For what it’s worth, the comparison to Monster High is particularly unfair. Eilish—an L.A. showbiz daughter who, working with her producer brother, Finneas O’Connell, has earned millions of streams since 2016—is not plastic. Fashion-wise she goes for XL sweaters, and posture-wise she gives a good slump, which might help ensure that she won’t get railroaded as a sex-kitten object like the then-18-year-old Fiona Apple—an obvious influence—was. Generally, her edge is of the straight kind. Spiders, blood, and light S&M are motifs. But she rolls her eyes at drugs on “Xanny,” which imagines if an Amy Winehouse ballad depicted partying only as pathetic. The NC-17 teases of “Bad Guy,” the album’s opening banger, seem rather sarcastic, and the ending scene of its visual comes off like a fake-out regarding girl-on-video tropes.
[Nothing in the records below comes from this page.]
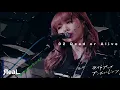 ЯeaL 『ライトアップアンビバレンツ』
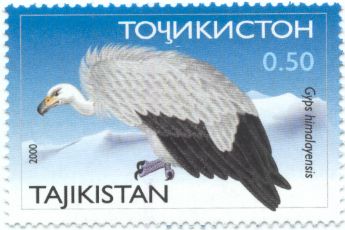 Himalayan Vulture (Gyps himalayensis)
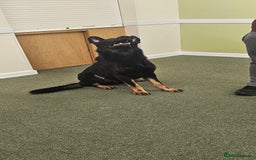 German Shepherd dogs for stud: King Shere khan von shepear at stud in Bedford - Image 5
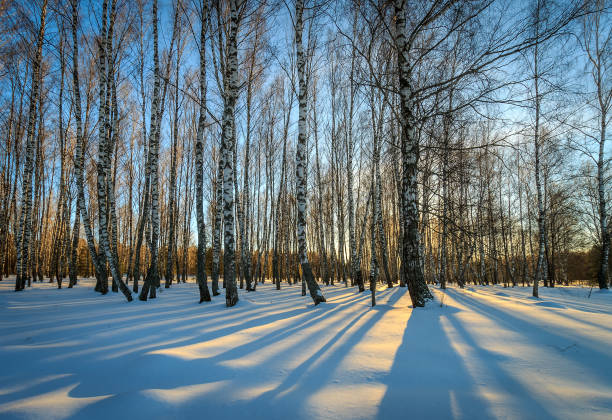 istock beautiful sunset at birch forest at winter season 643435880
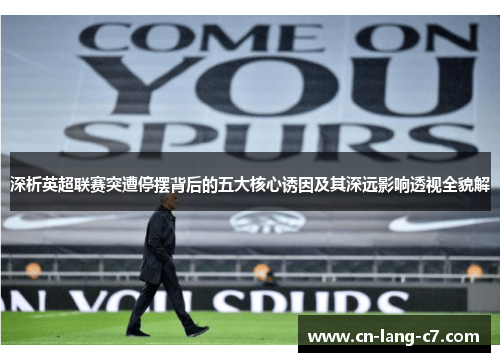 深析英超联赛突遭停摆背后的五大核心诱因及其深远影响透视全貌解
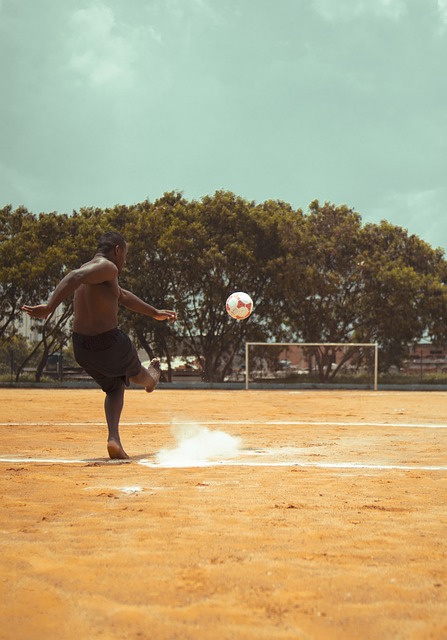 国家贡献自 国家贡献自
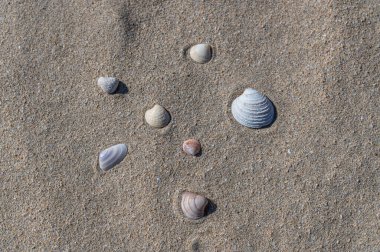 Kumsaldaki deniz kabukları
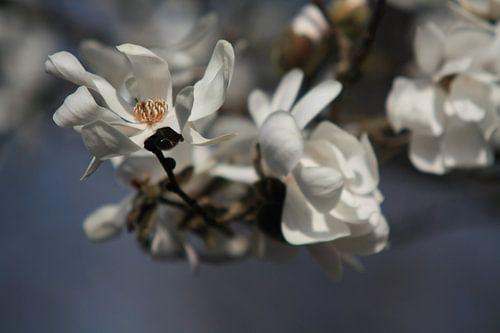 Magnolia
Her voice—especially on her songs before this album—somewhat follows this decade’s trend of ineffably Swedish, chubby-bunny torch singing, heard in its most tolerable forms from Lorde and Ellie Goulding. But Eilish is an intelligent and unpredictable performer who, on When We All Fall Asleep, Where Do We Go?, whisper-sings, whisper-raps, and whisper-hums more than she does anything that could be described as “crooning.” Cybernetic-soul vocal manipulation recalling Bon Iver and The Knife—and Kanye West’s knocking off of both—is omnipresent. O’Connell’s production follows in pleasing Yeezus style with sparse door-knock beats and jump-scare samples cut with bright, bent keyboard lines. If this all sounds a bit fussy and like ASMR bait, well, it is. But Eilish writes in melodies akin to nursery rhymes and ancient folk tunes. The balance of strange and simple usually works.
The early portions of the album trigger a sugar rush with fidgety tracks that are only a few clicks on the weirdness scale from the stuff of Taylor Swift’s Reputation. The romping is fun while it lasts, though some of the tunes feel interchangeable. Right now I’m finding myself stuck on replaying the lurching sing-along of “Wish You Were Gay,” which despite catching some Twitter flak is actually a decent corrective to the Katy Perry “Ur So Gay” tradition. Eilish isn’t shading a guy’s effeminacy; she’s just treating sexuality as no big deal by wishing that he had an ulterior motive for rejecting her. It’s not a groundbreaking sentiment, but it’s also not one that’s been expressed before in quite this manner, which makes it typical of Eilish’s relationship to originality.